EXTRACTED RECORDS.
BEGIN
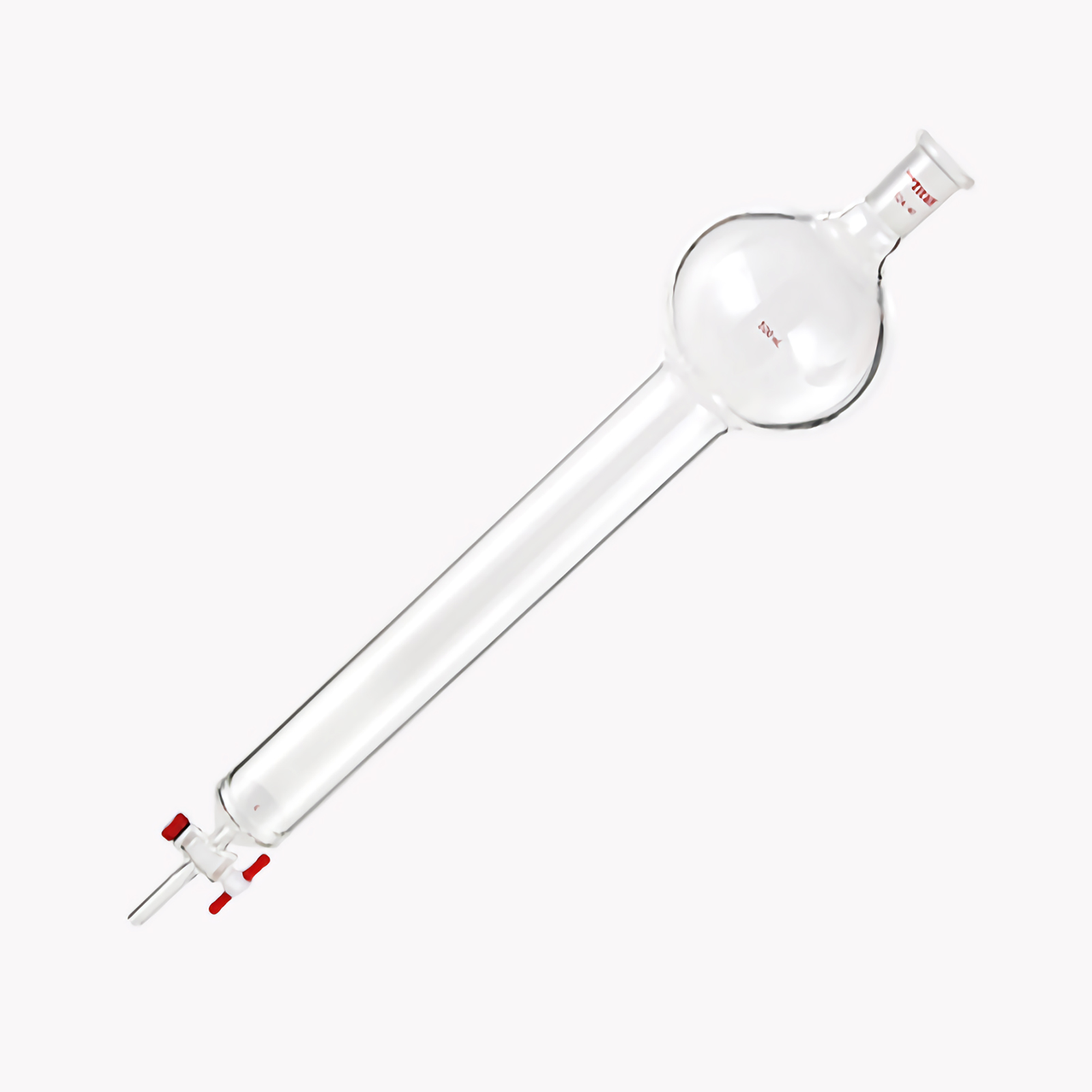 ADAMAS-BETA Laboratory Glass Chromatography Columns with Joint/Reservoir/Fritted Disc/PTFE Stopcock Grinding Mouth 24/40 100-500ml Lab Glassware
END
BEGIN
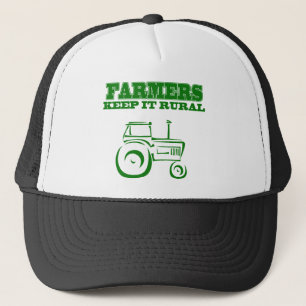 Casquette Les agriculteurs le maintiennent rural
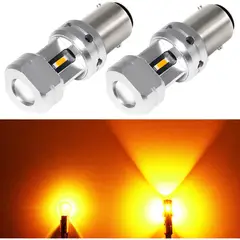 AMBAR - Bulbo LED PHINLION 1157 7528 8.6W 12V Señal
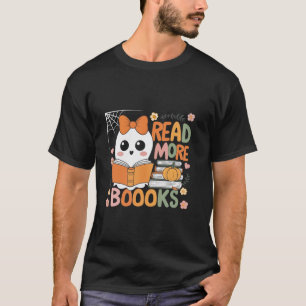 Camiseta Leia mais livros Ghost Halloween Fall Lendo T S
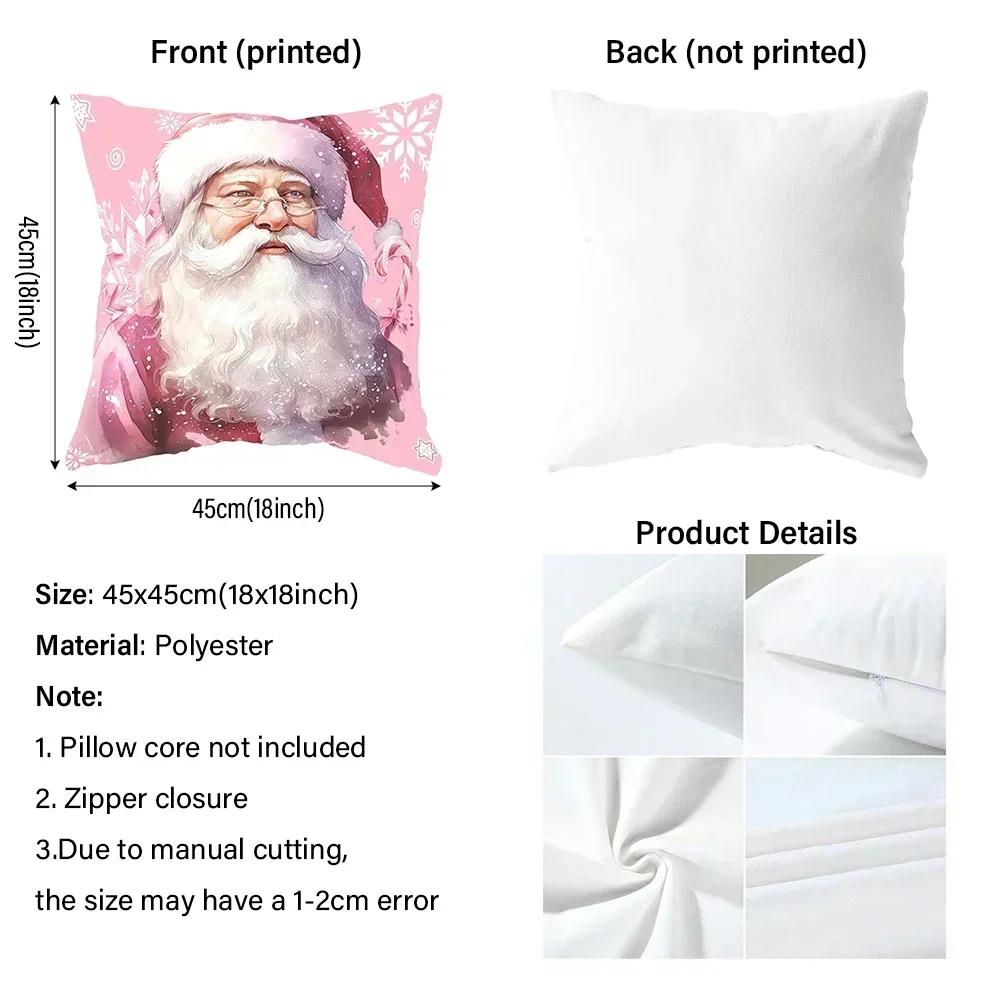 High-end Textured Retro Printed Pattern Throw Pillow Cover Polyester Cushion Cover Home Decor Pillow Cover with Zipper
END
YOUR ASSIGNMENT.
Using the data above, retype exactly the lines from the line with "AMBAR - Bulbo" to the line with "High-end Textured Retro", inclusive. No pictures and nothing else.

EXERCISE SOLUTION.
 AMBAR - Bulbo LED PHINLION 1157 7528 8.6W 12V Señal
 Camiseta Leia mais livros Ghost Halloween Fall Lendo T S
 High-end Textured Retro Printed Pattern Throw Pillow Cover Polyester Cushion Cover Home Decor Pillow Cover with Zipper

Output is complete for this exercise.